Mihael Watts: So Joe, so when you look at the guidance what we built into there is around the low-end is just what we’ve experienced in the first half of the year for console sales out and then also PIs. So consoles of course, as we add console to our installed base it drives additional PI revenues. So when we pull consoles down, you’re also going to see PIs come down with that. But when we look at just continuing the trends with limited GP conversions in the second half of the year, that’s where we hit the low-end. When we look at the high-end, we start to come back up to where we had placements in 2022 and the GPs in our pipeline start to convert. But the base still will remain in Odonto Specialists. So it’s all the adjustment is relating to consoles, but of course it has a tail with the PIs. Hopefully that helps.
Joe Federico: Okay. Yeah. That makes sense. Thank you.
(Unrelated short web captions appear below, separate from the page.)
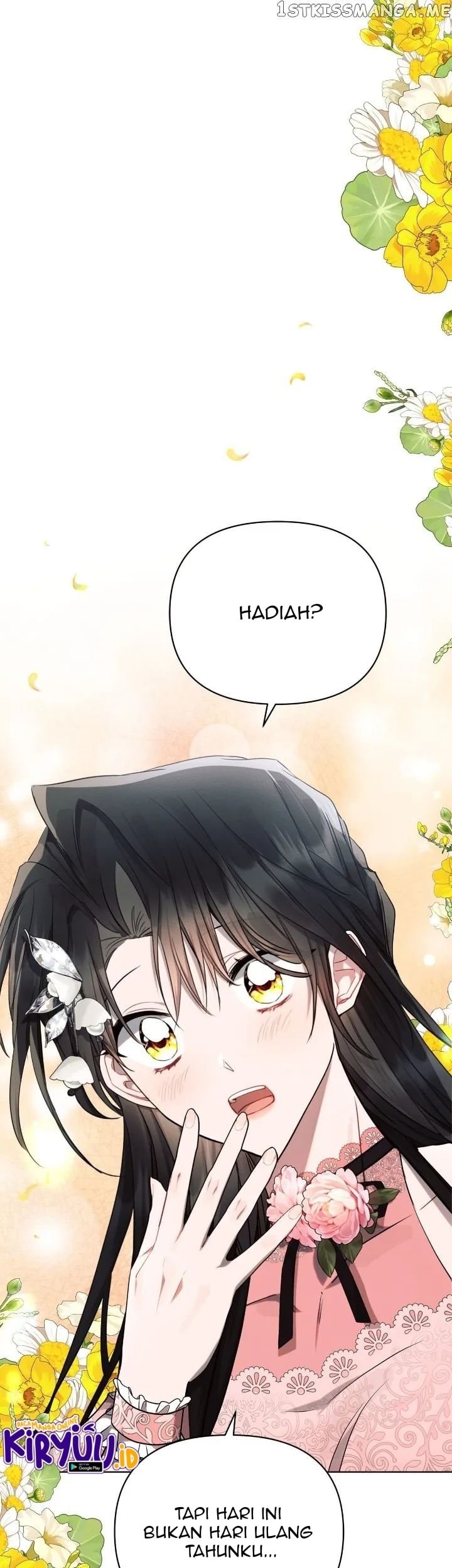 Ashtarte Chapter 47 - halaman 20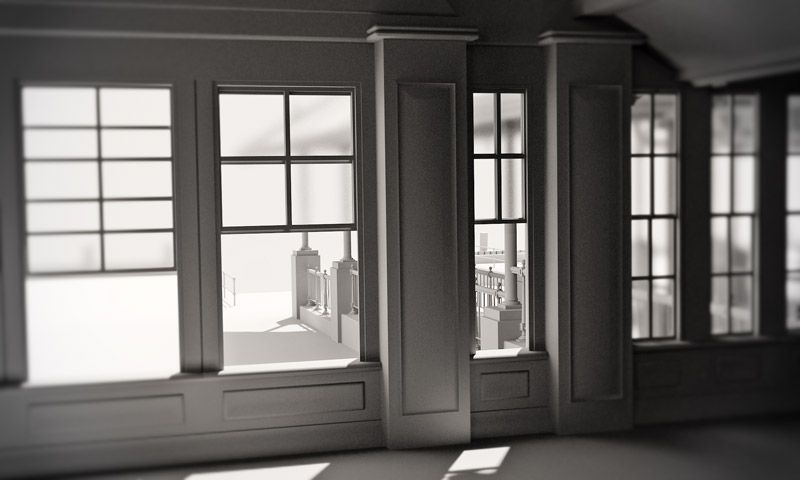 Ellis Island Project 9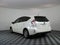 2017 Toyota Prius v Four *1-OWNER*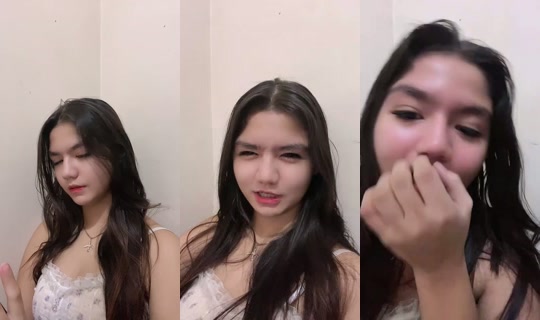 TIN_SANDRA13 Bigo Live — Jul 26, 2026, 5:12 PM
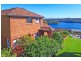 76 Seaforth Crescent, Seaforth NSW 2092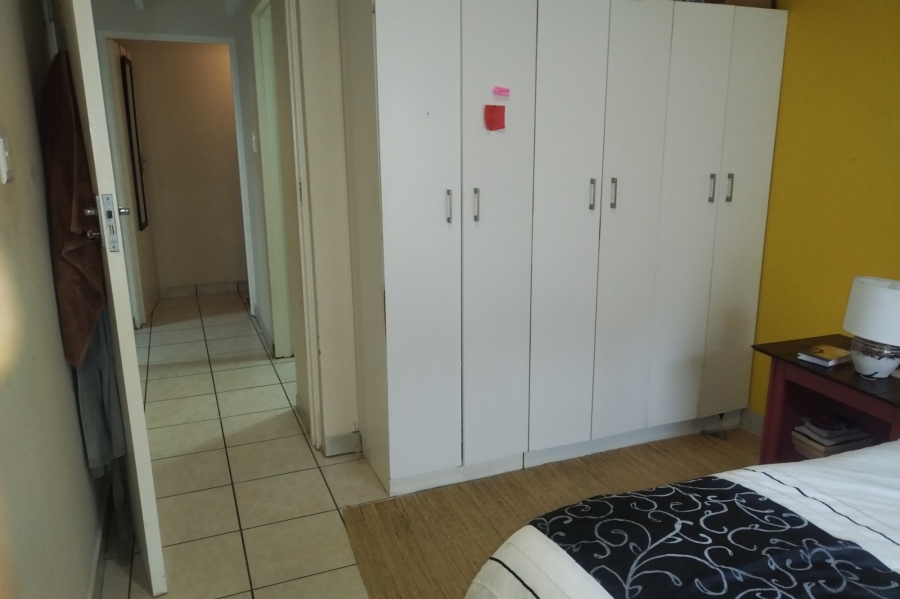 3 Bedroom Property for Sale in Chasedene KwaZulu-Natal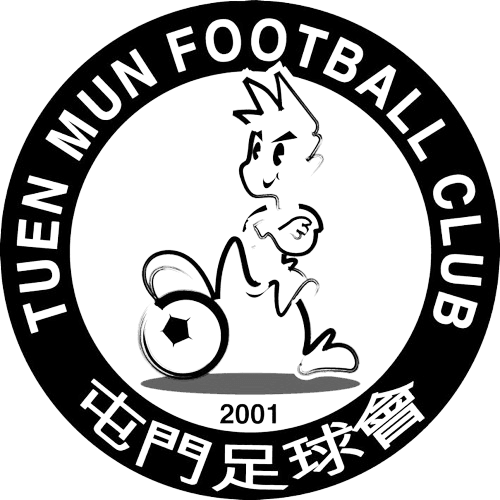 Tuen Mun FC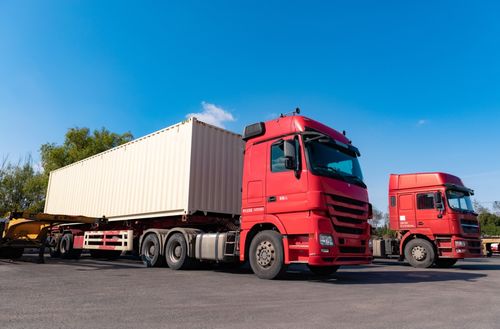 阜合產業園持續加碼 再投約30億，近200家配套企業將落戶園區
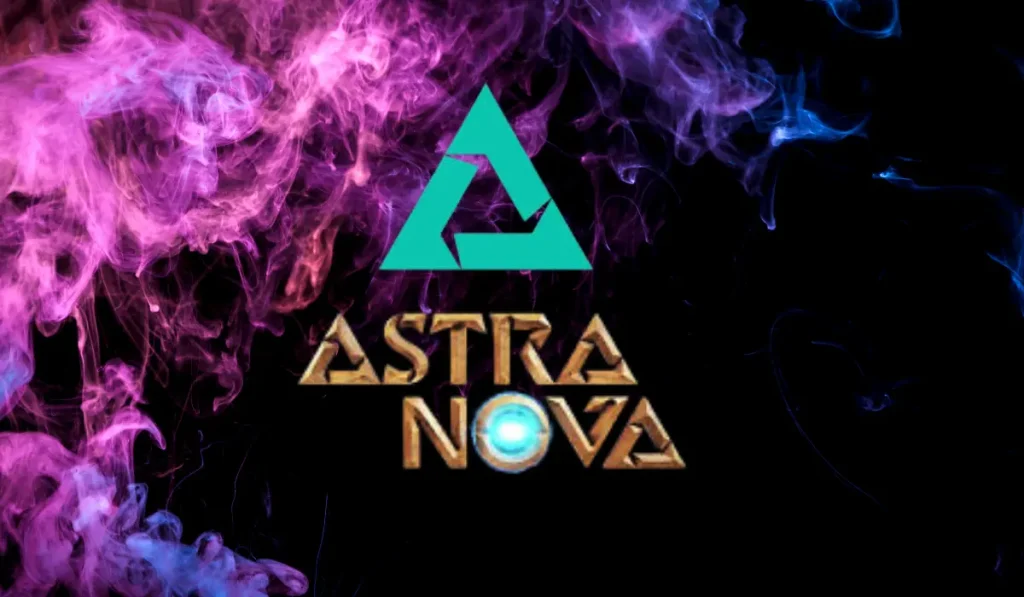 astra nova airdrop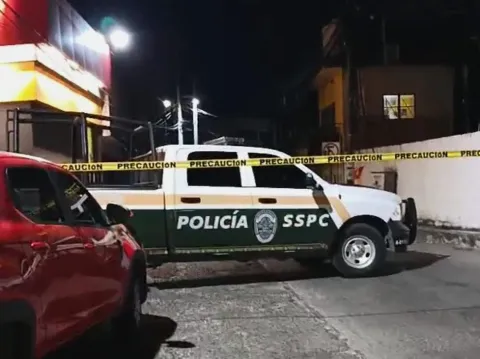 Las autoridades mantienen las investigaciones abiertas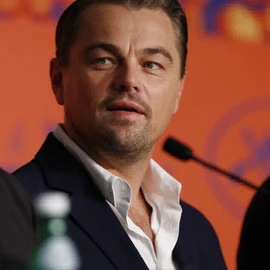 Wilhelm profile image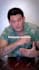 professional video short for your social networks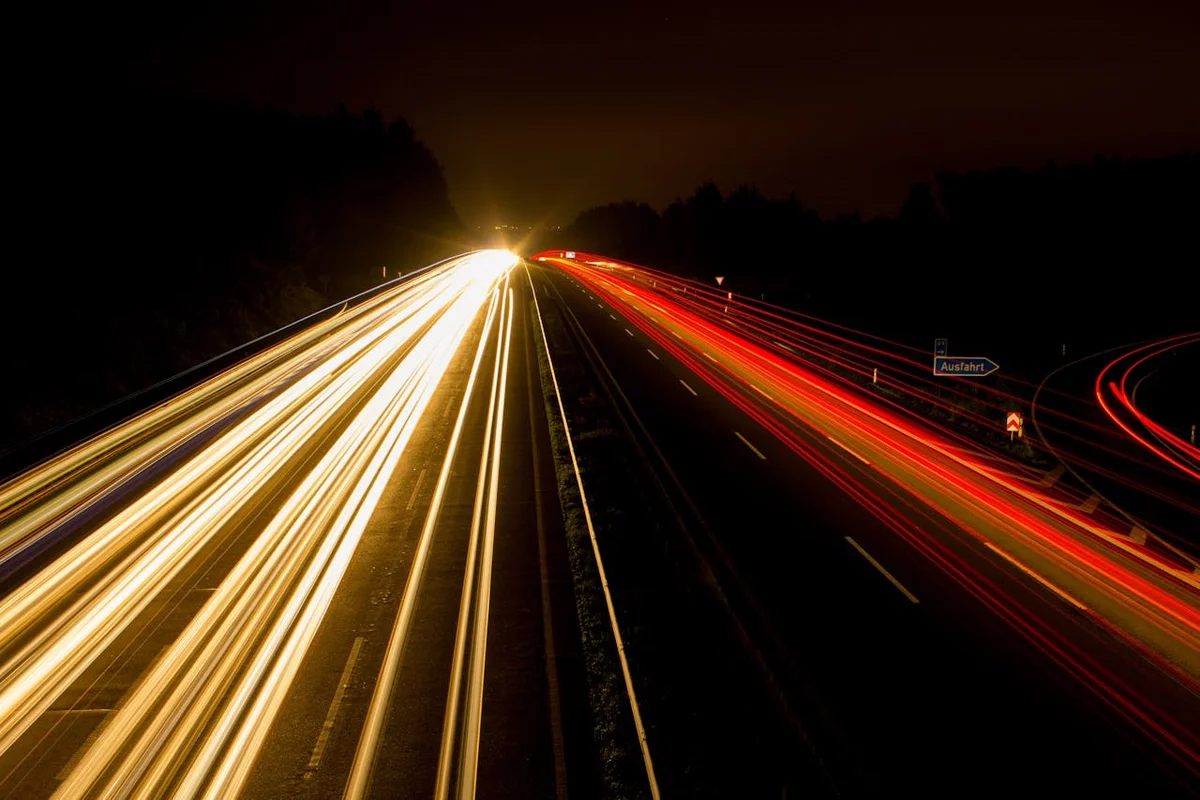 A2 Hosting vs FastComet: Speed-Focused Hosting Compared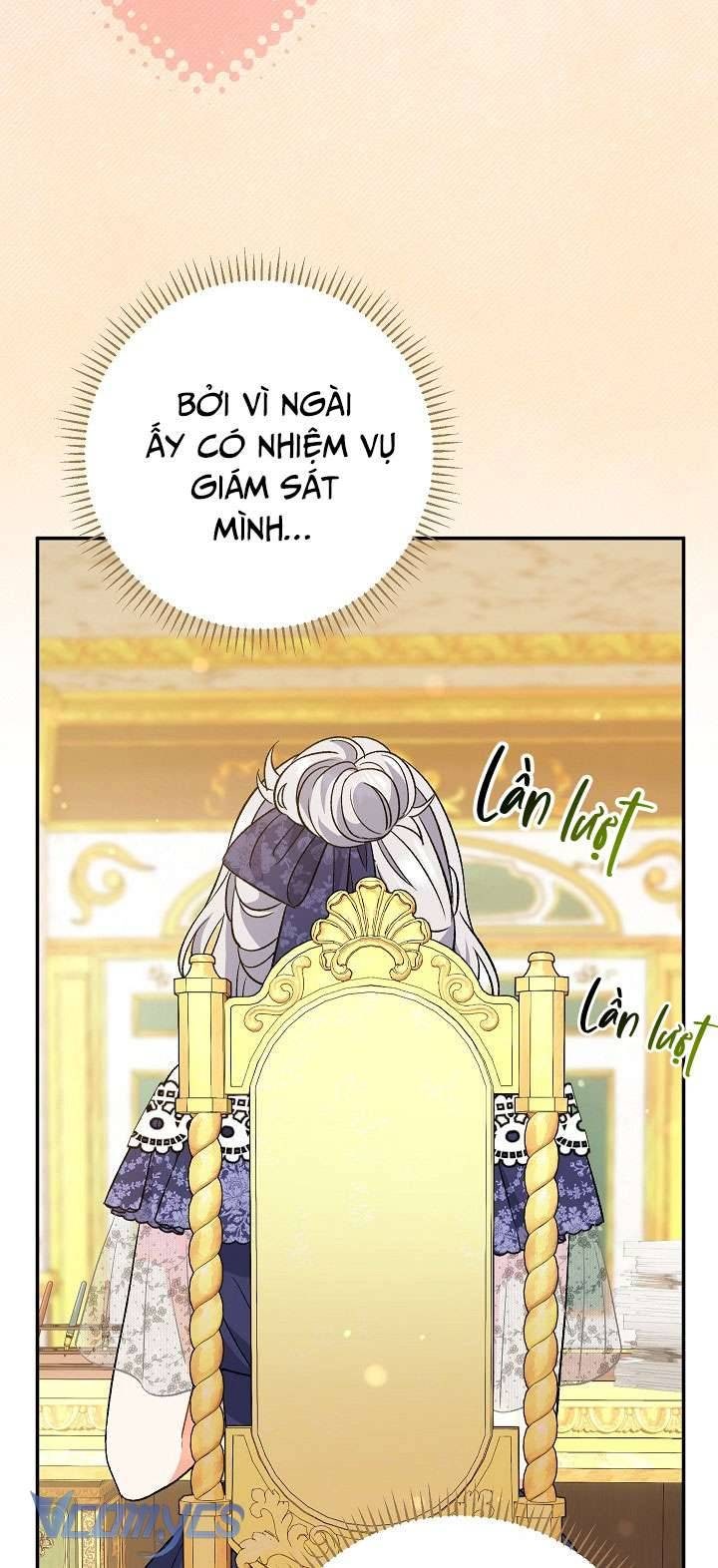 Không Chỉ Là Bắt Nạt - Page 173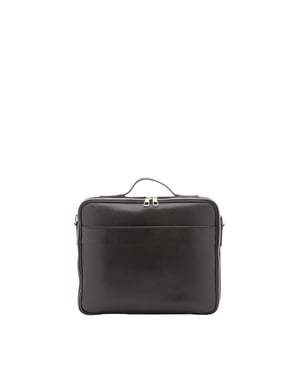 Alessia Firenze bolso de mano Unisexo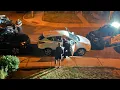 Download Lagu COUNCILLOR SUPPORTS VICTIMS : Toronto councillor Bradford defends victims of home invasions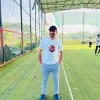 Pradip Patil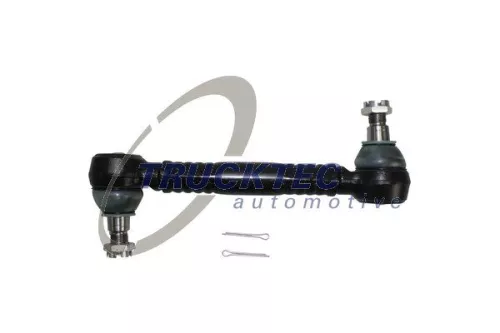 Link/Coupling Rod, stabiliser bar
And then, just on the cost actions that you mentioned earlier, can you give us any more color on like, where those cost actions are being taken or what we can look for there?
Mihael Watts: Yeah. So the reductions were largely centered, around the general administrative and research and development and some management positions as well with limited impact to the field sales team and our commercial efforts. So, on the P&L you would see that in SG&A for admin and then R&D. The split would be more weighted towards the G&A, aspect of it at this point.
Bjarne Bergheim: Just maybe let me add some additional commentary. For us it’s very important to drive console sales and top line growth. And hence, that’s why we’ve been very careful obviously cutting too many expenses on the commercial side.
Joe Federico: Okay. Great. Thank you for the questions.
Mihael Watts: Thank you.
Operator: Thank you. [Operator Instructions] There are currently no additional questions waiting at this time. So I’d like to pass it back to the management team for any closing remarks.
Bjarne Bergheim: Thank you, Operator. I just want to reiterate again. We appreciate everyone’s time today. Thank you for your interest in Sonendo. Have a great day.
Operator: This concludes today’s conference call. Thank you all for your participation. You may now disconnect your lines.